The Schoutens, who own and manage the Rob Schouten Gallery at Greenbank Farm, have relied partly on the support of friend Faith Wilder, who has helped hold down the fort at the gallery through this tough period. Wilder has been an important catalyst for the event, along with other friends.

“Victory permits herself to be vulnerable,” Wilder said.

“She has good days and bad — moments of optimism and others of despair in this trying time and long process of healing. But she asks for help when she needs it. Gathering people to her when she is weakest seems to strengthen her and she draws energy and optimism from the love directed her way,” Wilder added.

Victory Schouten is the manager of the couple’s gallery, but her craft is poetry, and the artists who gather for her benefit to perform are giving back to a person who has fed the spirit of art in the community for many years. Schouten was instrumental in bringing the regional “Burning Word” poetry festival to Whidbey Island and served as the executive vice president of the Washington Poets Association. She was also the mastermind behind “Brave New Words,” a year-round festival of poetry on the island begun in 2009, featuring readings by international stars of the poetry scene and free workshops for youths.

“Victory is well named,” Wilder said.

She is courageous and bold, she said, but she is a lot more.

“Victory’s embrace especially reaches to children, writers and creative and assorted individuals whose friendships she nurtures. Near or far, she keeps those connections strong and is always generous for whoever needs her most,” Wilder added.

Carole Tyson is a neighbor of the Schouten’s near Honeymoon Lake. She, like many members of the community, has been pitching in to help with things around the house, while Victory tries to keep herself from doing too much and heals the spine, as the doctor ordered.

“Victory is a beautiful spirit — a bright, witty, loving, giving and most of all positive individual,” Tyson said.

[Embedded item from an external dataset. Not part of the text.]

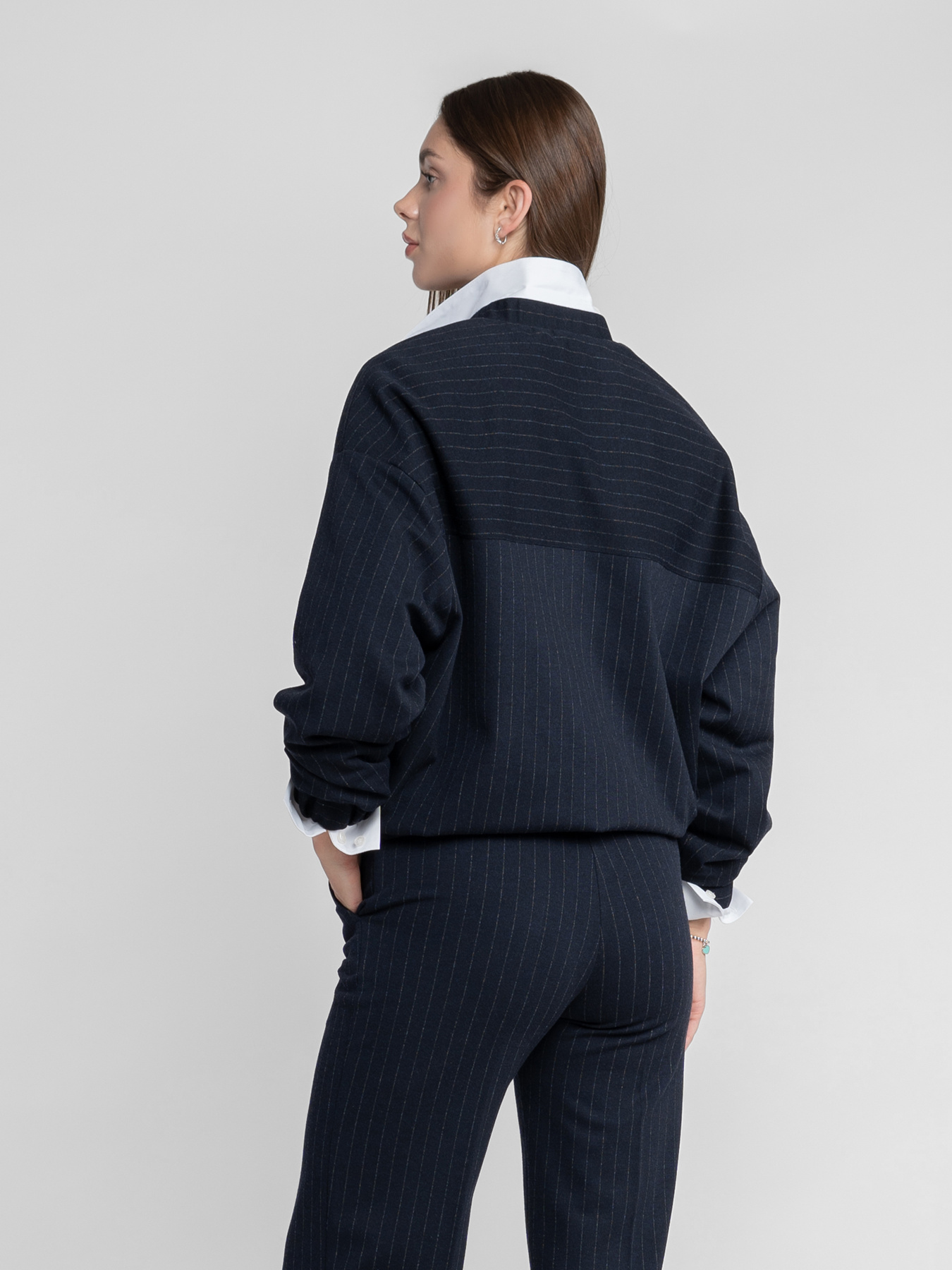 Бомбер Arber модель W17.02.09.532 Фото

“She is loved by so many. It’s no wonder she is experiencing this remarkable recovery.”

Wilder’s hope is that the benefit event will help the couple feel cherished by the circle gathered to support them. The Schoutens, she said, are community builders and now they need their community more than ever.

“They wanted music, poetry, good food and a hospitable venue so that there would be good energy and enjoyment in everyone’s time together,” Wilder said.

“That will go a long way toward sustaining them both. We all have different gifts to give. This is our invitation to be generous in sharing them.”

Here is what folks can expect to encounter at the party for Victory Schouten.

The day, hosted by the effervescent conductor of fun Jim Freeman, will include live music by Trio Nouveau and Muse & Eye; and spoken word performances by Tara Hardy, Stephen Roxborough, Band of Poets, David Ossman and Judith Walcutt.  There will also be an auction of two of Rob Schouten’s fine art limited edition prints, plus a raffle for some unique and exciting “treasure baskets.”

A no host wine and beer bar will accompany abundant finger foods, both savory and sweet.

Ticket price is $10 at the door, or $25 for families. No one will be turned away for lack of funds.


Stronger in the Broken Places

By Victory Lee Schouten


Furious joints snap out demands

to my stunned body, Surrender your strong walk.


Pain can be the path inside, but

it is still pain, and I will not love it.


Losses pile by the door — high heels and ski poles.

Sorting tattered dreams, can anything be saved?


Once a bold dancer full of fearless leaps,

my feet shuffle suspicious of the ground.


Ruined ankles can not be trusted, failing in an instant,

bone slammed to concrete without warning.


Chronic pain nags in a grinding whisper, Don’t forget me,

don’t forget me for a minute. My boot heels wear unevenly.


Cells heal, go up in flames, begin to heal again.

Is my body courageous beyond words, or just dull-witted?


So as the boot scootin’ two-step moves past me,

I turn inside. I have come to crave words,


their meanings and music. Their power.

I’ve come to prize the beat of my own quiet pulse,


learned to feel owls in the wind, whiff snow in the dark.

They do my wild dancing now, and I write it all down.